The government is the single largest buyer of goods or services in the country. Through various federal and state agencies, trillions of taxpayer dollars are spent annually. This money goes to build and maintain buildings, buy and service machines, replace and refurbish items, or pay for all kinds of services.
Each tax dollar spent is done so pursuant to a contract between the government and the vendor. During the bidding, negotiation, and performance of that government contract, the vendor is required to conduct itself in a certain manner, act honestly and certify to the government that it is doing so. But with so many tax dollars at stake, many vendors take advantage of their situation.

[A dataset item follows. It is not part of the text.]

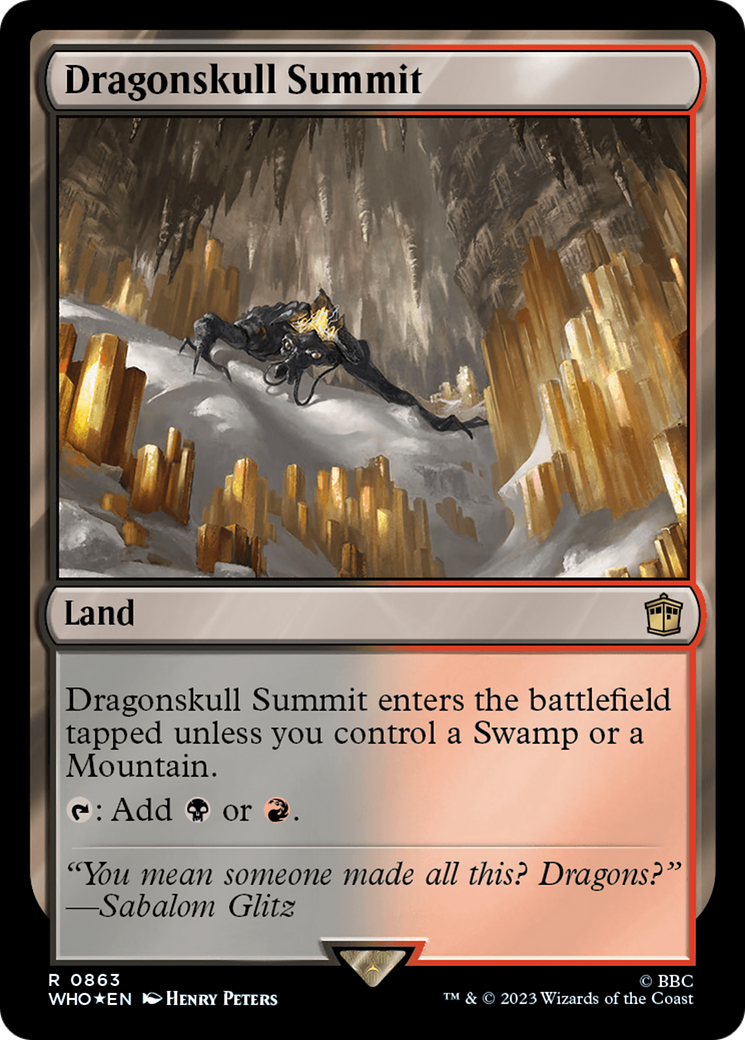 Dragonskull Summit (Surge Foil) [Doctor Who] | Game Master's Emporium (The New GME)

Common frauds in connection with government contracts include the following:
Cost mischarging – a vendor overcharges the government, charges the government for costs not allowable under the contract or falsely certifies its own or its agent’s costs.
Progress payment fraud – a vendor requests payment from the government during the course of a contract and falsely certifies that it has met certain conditions in order to be entitled to payment or incurred costs that are eligible for reimbursement.
Nonconforming materials or labor – a vendor falsify states that that all the materials used or the labor employed in the project met the contract’s requirements or the vendor’s assurances.
Such unlawful conduct by government vendors can violate federal and state qui tam statutes. Given the In addition to incurring civil liability, such conduct can also expose government vendors to criminal investigation, suspension or exclusion from further business with the government.